Saved entries
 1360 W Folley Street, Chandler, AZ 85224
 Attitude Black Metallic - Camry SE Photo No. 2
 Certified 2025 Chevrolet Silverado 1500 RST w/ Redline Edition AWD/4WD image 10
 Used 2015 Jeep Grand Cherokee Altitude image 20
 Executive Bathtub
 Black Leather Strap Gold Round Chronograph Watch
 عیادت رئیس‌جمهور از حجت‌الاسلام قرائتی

* * *

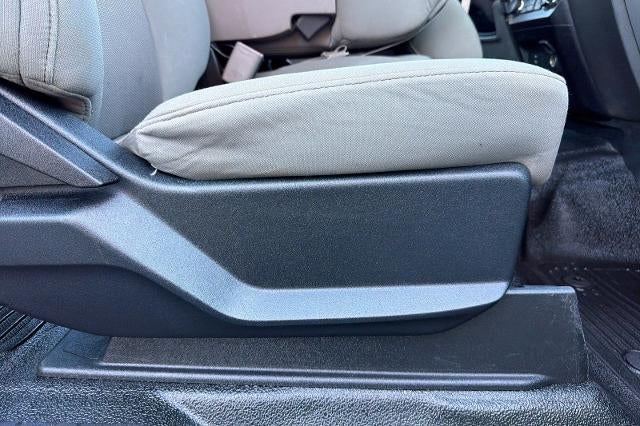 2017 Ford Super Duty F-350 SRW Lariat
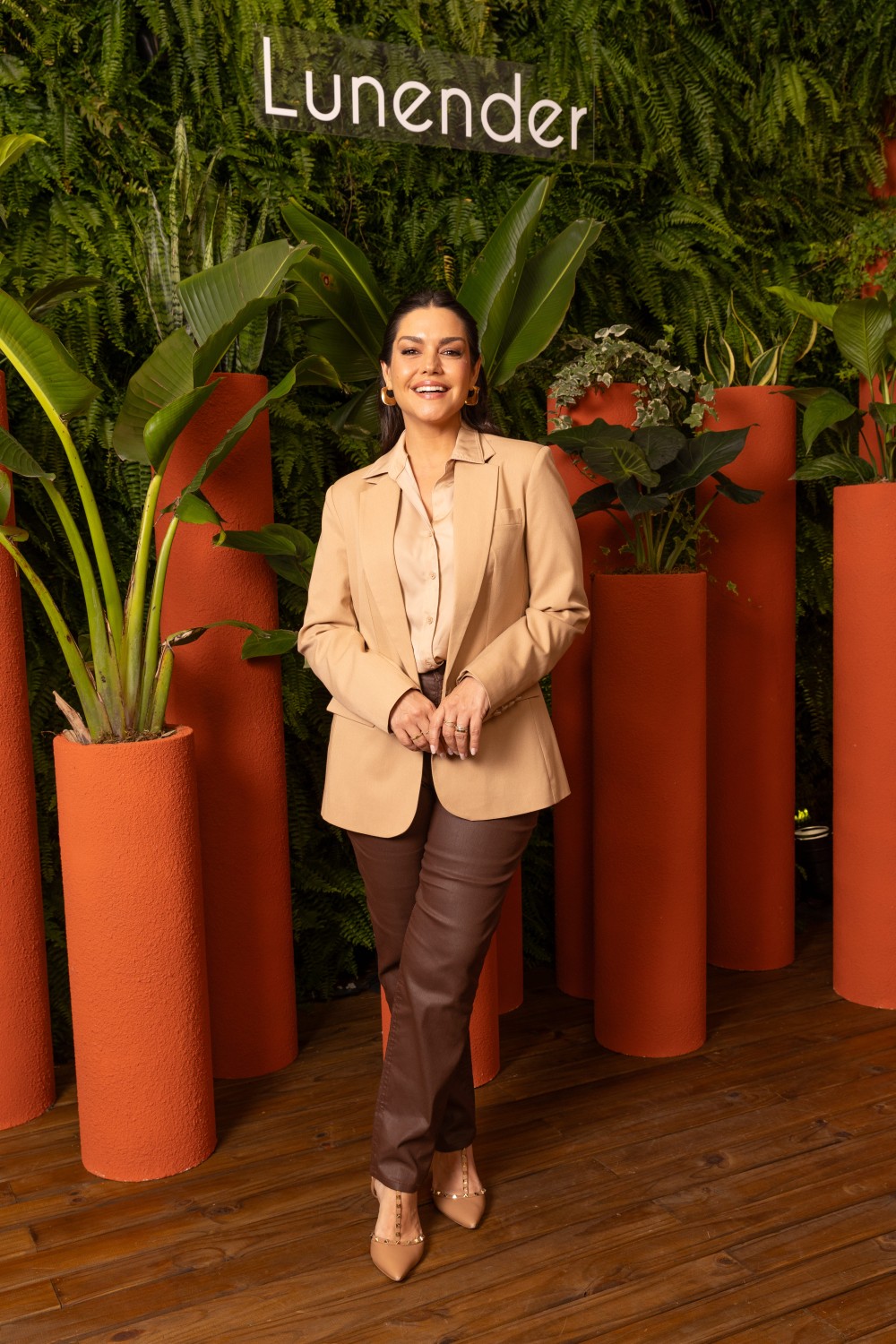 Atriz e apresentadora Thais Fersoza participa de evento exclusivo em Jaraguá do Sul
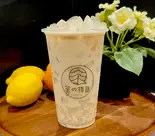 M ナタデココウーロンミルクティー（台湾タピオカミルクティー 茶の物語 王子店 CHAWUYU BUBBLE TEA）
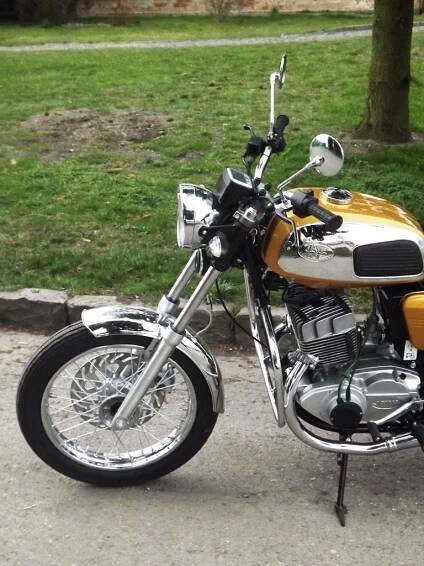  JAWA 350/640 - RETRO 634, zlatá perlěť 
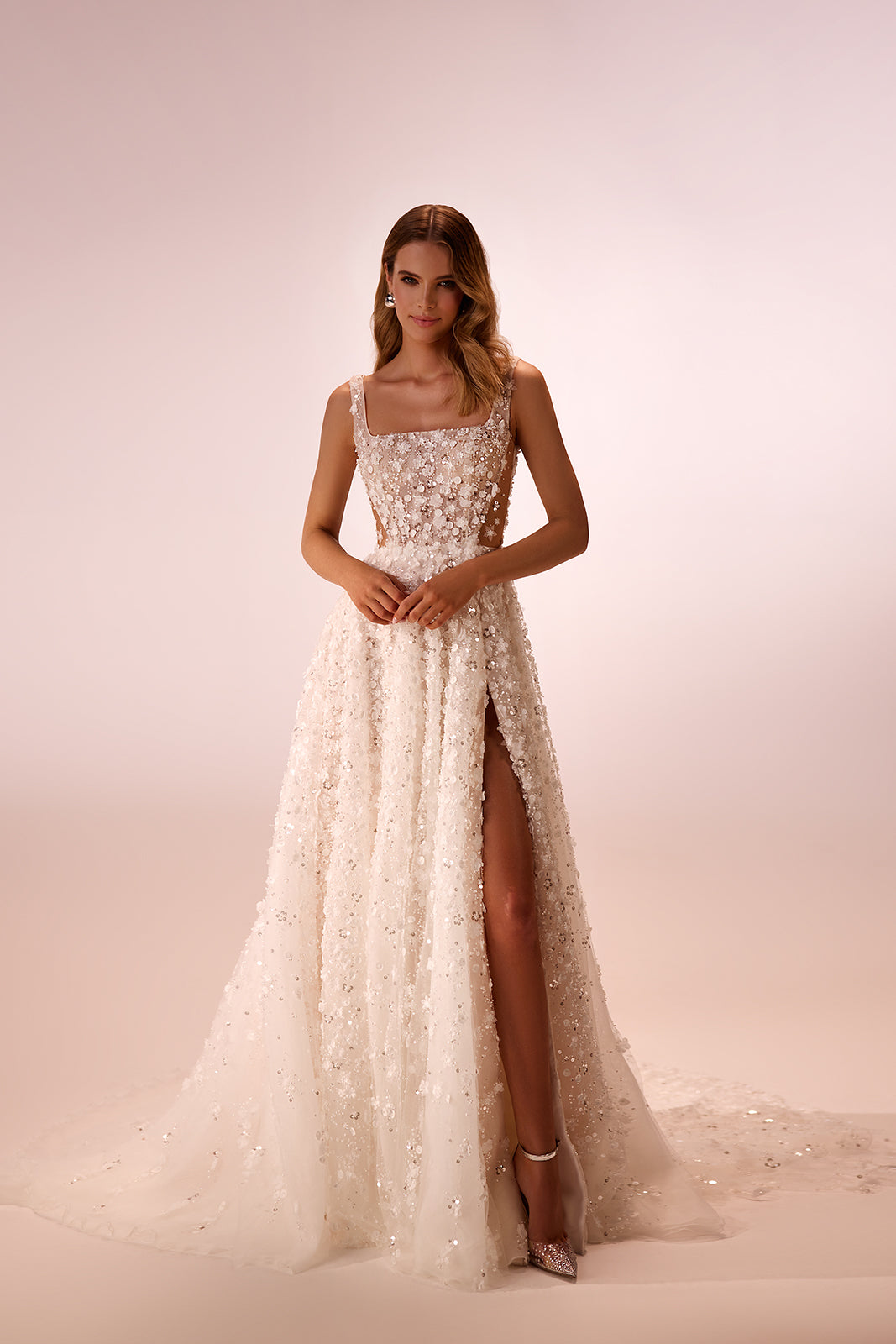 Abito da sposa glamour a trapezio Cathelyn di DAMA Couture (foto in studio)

◆ About this exercise:
Of all the entries above, retype exactly the lines from the line with "Executive Bathtub" to the line with "عیادت رئیس‌جمهور از حجت‌الاسلام قرائتی", both included, and no others.

◆ Result of the exercise:
 Executive Bathtub
 Black Leather Strap Gold Round Chronograph Watch
 عیادت رئیس‌جمهور از حجت‌الاسلام قرائتی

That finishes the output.